Understanding bad estimate (related to FKs?)

2020-10-26 Thread Philip Semanchuk
I'm trying to understand a bad estimate by the planner, and what I can do about 
it. The anonymized plan is here: https://explain.depesz.com/s/0MDz

The item I'm focused on is node 23. The estimate is for 7 rows, actual is 896 
(multiplied by 1062 loops). I'm confused about two things in this node.

The first is Postgres' estimate. The condition for this index scan contains 
three expressions --

(five_uniform = zulu_five.five_uniform) AND
(whiskey_mike = juliet_india.whiskey_mike) AND
(bravo = 'mike'::text)

The columns in the first two expressions (five_uniform and whiskey_mike) are 
NOT NULL, and have foreign key constraints to their respective tables 
(zulu_five.five_uniform and juliet_india.whiskey_mike). The planner can know in 
advance that 100% of the rows in the table will satisfy those criteria.

For the third expression (bravo = 'mike'), Postgres has excellent statistics. 
The estimated frequency of 'mike' is 2.228%, actual frequency is 2.242%, so 
Postgres' estimate is only off by a tiny amount (0.014%).

From what I understand, the planner has all the information it needs to make a 
very accurate estimate here, but it's off by quite a lot. What information am I 
failing to give to the planner?

My second point of confusion is related. There are 564,071 rows in the source 
table (xray_india, aliased as papa) that satisfy the condition bravo = 'mike'. 
EXPLAIN reports the actual number of rows returned as 896*1062 ~= 951,552. I 
understand that the number reported by EXPLAIN is often a bit bigger, but this 
discrepancy is much larger than I'm expecting. What am I missing here?

Thanks,
Philip



Re: Understanding bad estimate (related to FKs?)

2020-10-26 Thread Justin Pryzby
On Mon, Oct 26, 2020 at 12:50:38PM -0400, Philip Semanchuk wrote:
> I'm trying to understand a bad estimate by the planner, and what I can do 
> about it. The anonymized plan is here: https://explain.depesz.com/s/0MDz

What postgres version ?
Since 9.6(?) FKs affect estimates.

> The item I'm focused on is node 23. The estimate is for 7 rows, actual is 896 
> (multiplied by 1062 loops).

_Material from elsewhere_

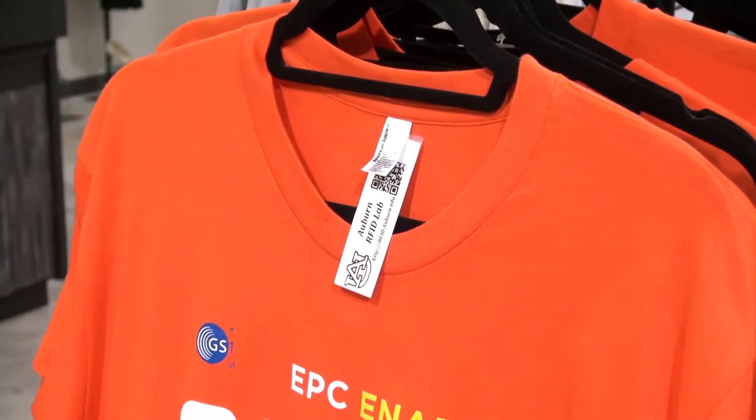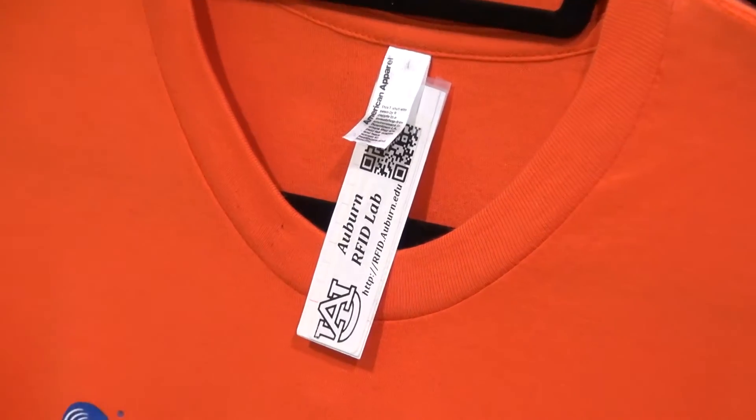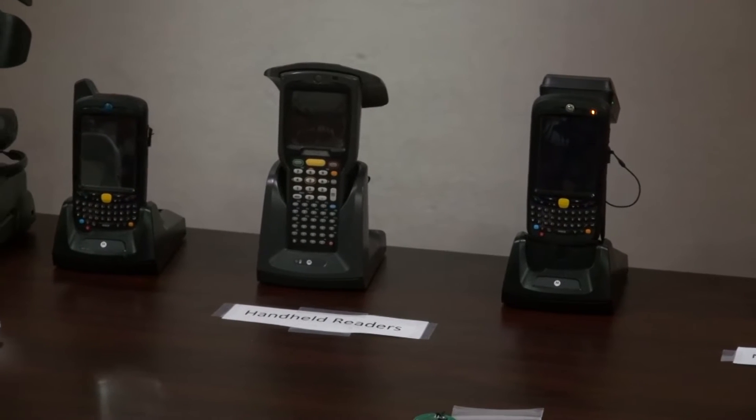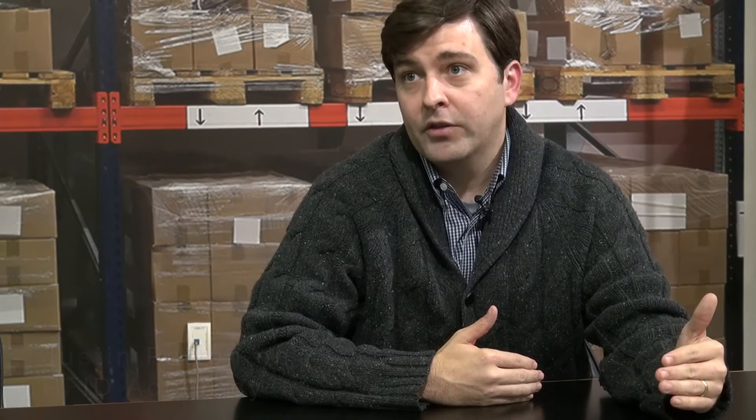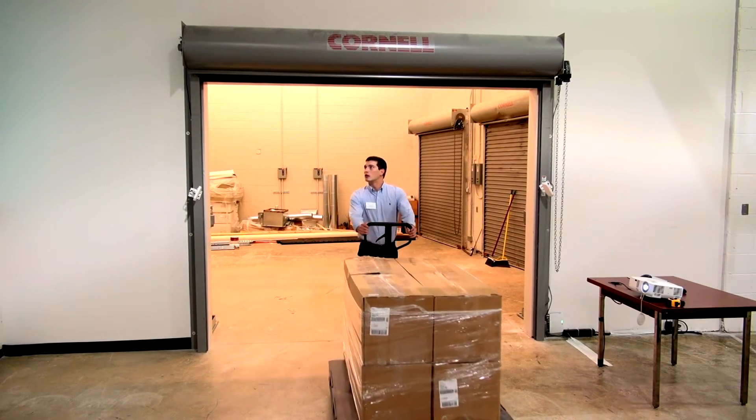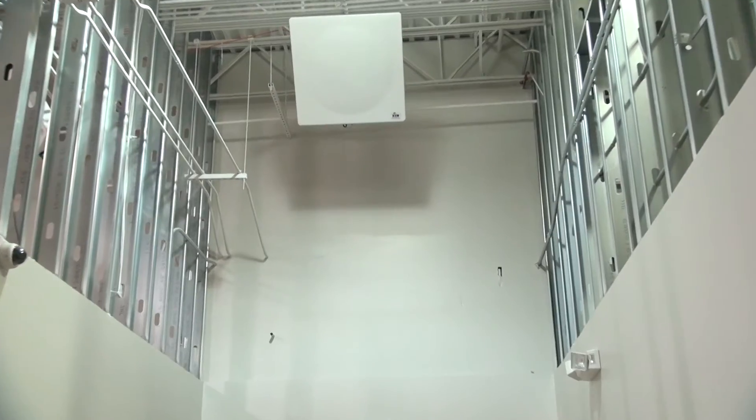When I've got an RFID system activated, like the handheld systems, those can read two to three hundred RFID tagged items per second. So in terms of the speed and the pace at which we can count things, it is much, much faster. Two to three items per minute versus two or three hundred items per second is a big change.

I'm confused about two things in this node.
> 
> The first is Postgres' estimate. The condition for this index scan contains 
> three expressions --
> 
> (five_uniform = zulu_five.five_uniform) AND
> (whiskey_mike = juliet_india.whiskey_mike) AND
> (bravo = 'mike'::text)
> 
> The columns in the first two expressions (five_uniform and whiskey_mike) are 
> NOT NULL, and have foreign key constraints to their respective tables 
> (zulu_five.five_uniform and juliet_india.whiskey_mike). The planner can know 
> in advance that 100% of the rows in the table will satisfy those criteria.
> 
> For the third expression (bravo = 'mike'), Postgres has excellent statistics. 
> The estimated frequency of 'mike' is 2.228%, actual frequency is 2.242%, so 
> Postgres' estimate is only off by a tiny amount (0.014%).
> 
> From what I understand, the planner has all the information it needs to make 
> a very accurate estimate here, but it's off by quite a lot. What information 
> am I failing to give to the planner?
> 
> My second point of confusion is related. There are 564,071 rows in the source 
> table (xray_india, aliased as papa) that satisfy the condition bravo = 
> 'mike'. EXPLAIN reports the actual number of rows returned as 896*1062 ~= 
> 951,552. I understand that the number reported by EXPLAIN is often a bit 
> bigger, but this discrepancy is much larger than I'm expecting. What am I 
> missing here?




Re: Understanding bad estimate (related to FKs?)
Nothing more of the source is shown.